In just 10 years, smartphone usage has climbed almost 700% with no expectation of slowing down.1 In order to support the growing bandwidth, cellular providers work on a next-generation operating model with more frequent releases. We hear a lot about “5th generation (5G)” and “Long-term Evolution (LTE)” technology, but the typical consumer may not understand what these terms mean.
As more community corrections agencies leverage technology to enhance community supervision, we want to help you understand the impact and future implications. Each generation of wireless technology has the potential to reduce cost, increase device longevity, and provide more reliable supervision techniques for agencies.
The primary goal of next generation networks is to support more users and faster data transfers.
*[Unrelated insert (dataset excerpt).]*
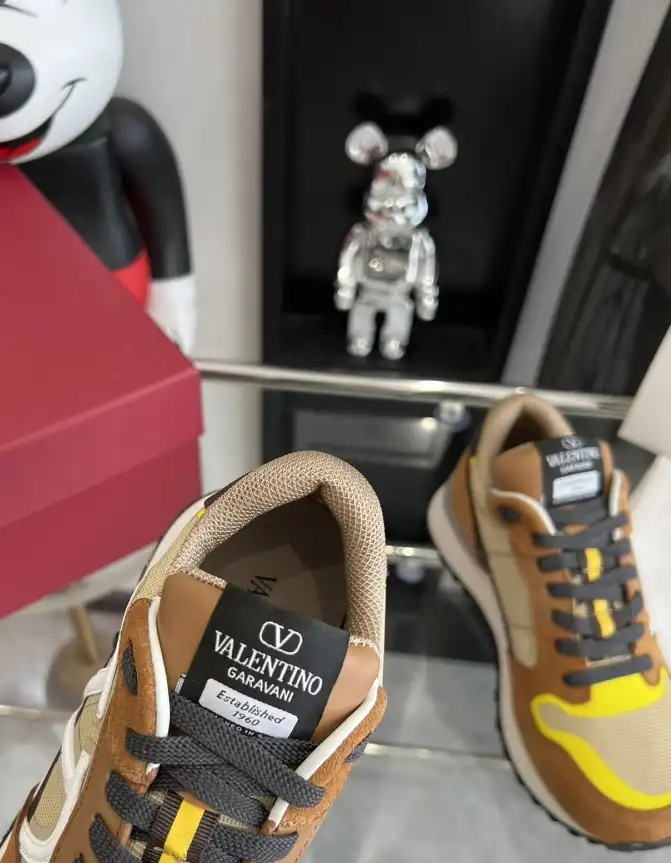 hype Valentino Casual Shoes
To understand where cellular network technology is headed, it’s helpful to look back on the different cellular generations.
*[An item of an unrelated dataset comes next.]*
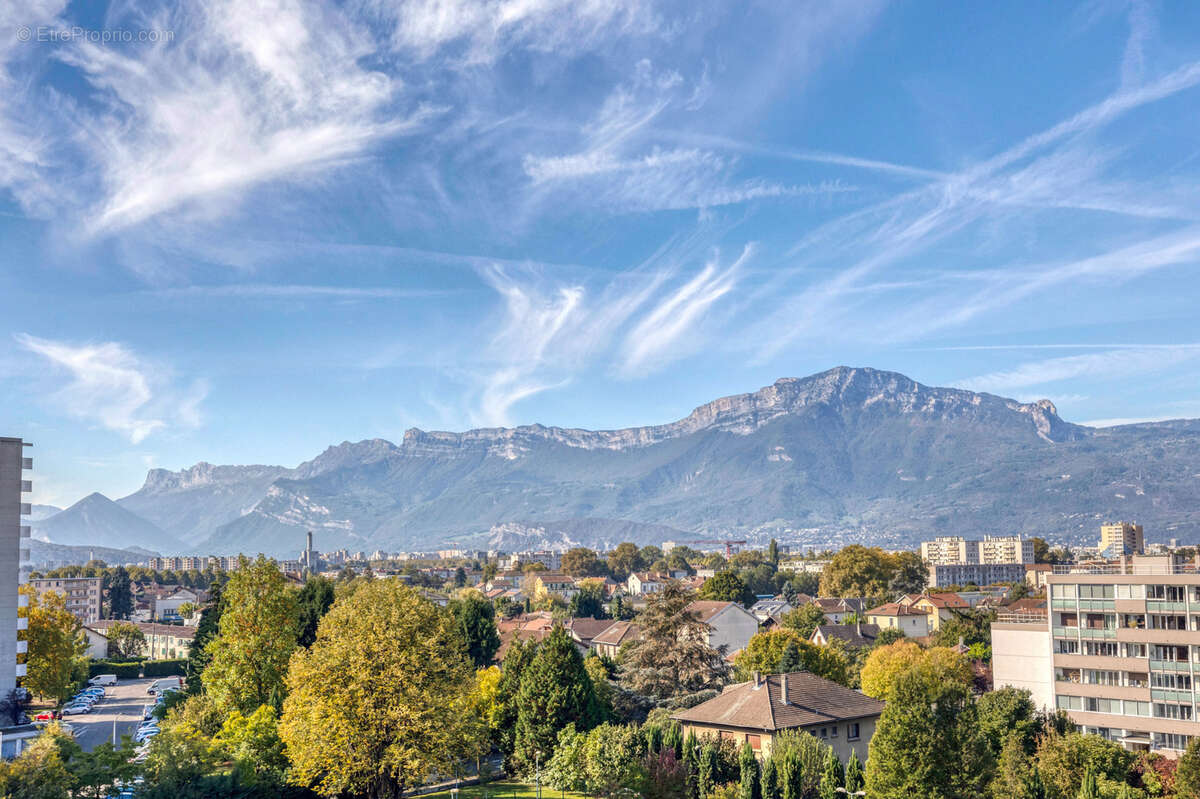 Appartement à SAINT-MARTIN-D&#039;HERES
The History of Wireless Networks
1st Generation (1G)
The first generation was introduced in the late 1970s and ran on an analog system. Motorola, Inc. produced the first commercially available cellphone in 1983, named DynaTAC. The device ran on 1G with limited coverage, poor sound quality, and zero security. While revolutionary at the time, providers quickly recognized the need for a more reliable and secure communication channel.
2nd Generation (2G)
2G launched in the early ‘90s through one of two communication technologies to handle the demand for mobile broadband. This generation transferred data from one device to another with text messages and multimedia content, changing the way we communicate.
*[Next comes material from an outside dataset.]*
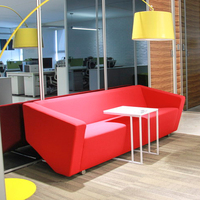 Ensemble de mobilier de bureau moderne 1 place en cuir avec structure en acier Fauteuils modulaires Canapé pour la réception d'hôtels Salons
The Global System for Mobile Communication (GSM) and Code Division Multiple Access (CDMA) networks provided many fundamental features still in use today, including Short Message Service (SMS), internal roaming, conference calls, call holding, and billing based on long-distance calls.2 The main distinction between the two networks is GSM transmitted data and voice simultaneously, while CDMA did not. As a result, approximately 95% of the world’s devices operated under GSM.3
3rd Generation (3G)
As the world became more digital, 3G was introduced in 2001 to facilitate greater voice and data capacity, support a wider range of applications, and increase data transmission at a lower cost. During the 3G era, smartphone technology emerged giving us the ability to stream data, surf the internet, listen to music, conduct video conferences, and send emails. By this stage, CDMA technology had progressed and became equivalent to GSM. While 3G mobile devices operated on GSM and CDMA, the emergence of LTE technology would soon make these networks obsolete.
4th Generation (4G)
In 2010, the focus was on 4G and the implementation of Long-term Evolution (LTE) technology-enabled devices. 4G was a major milestone for wireless technology as it enhanced mobile applications, high-definition TV, video conferencing, cloud-computing, and gaming. 4G’s backward compatibility created some panic in the technology industry as devices on GSM and CDMA networks will be inoperable at the end of 2022.
What’s Next for Wireless Technology?
5th Generation (5G)
While you have probably heard about 5G technology, it is still under development. The future of 5G will support wireless Virtual Reality (VR) gaming, remote control robots, and driverless vehicles. The new generation promises even faster data rates, higher connection density, and lower latency, but it will take some time before we see the tangible benefits of 5G.
Implications for Community Corrections
The progressive transformation has both benefits and disadvantages. Wireless network improvements give electronic monitoring (EM) devices the opportunity to hold and transfer more data at faster speeds, making them more agile and reliable. However, devices running on the previous generation, GSM and CDMA wireless systems, are scheduled to become inoperable by the end of 2022.
When choosing an EM provider, agencies need cost-effective solutions that meet their current and future needs. BI considers these needs on a daily basis and has worked diligently to integrate LTE technology into our present and future products, including GPS, alcohol, RF, and mobile solutions. According to Joe Newell, Senior Director of BI Labs and Wireless Strategy, “One of the core missions of our research is to continually evaluate each new generation of wireless technology and understand how it can improve the products and services we offer. As a result, we’ve engineered BI LOC8® XT and BI HomeGuard® 20|20 to operate on both 4G and 5G networks, providing our public sector partners with the longevity on which they depend.”